ASSIGNED TASK: The answer should be one number: the count of lines in the listing below with "using" in them.

[TASK INPUTS]

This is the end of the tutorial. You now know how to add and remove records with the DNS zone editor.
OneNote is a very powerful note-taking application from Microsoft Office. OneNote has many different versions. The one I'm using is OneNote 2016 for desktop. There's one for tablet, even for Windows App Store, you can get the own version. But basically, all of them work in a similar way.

[/TASK INPUTS]
[TASK INPUTS]

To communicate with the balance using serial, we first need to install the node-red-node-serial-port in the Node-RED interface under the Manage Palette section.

[/TASK INPUTS]

RESULT OF THE TASK: 2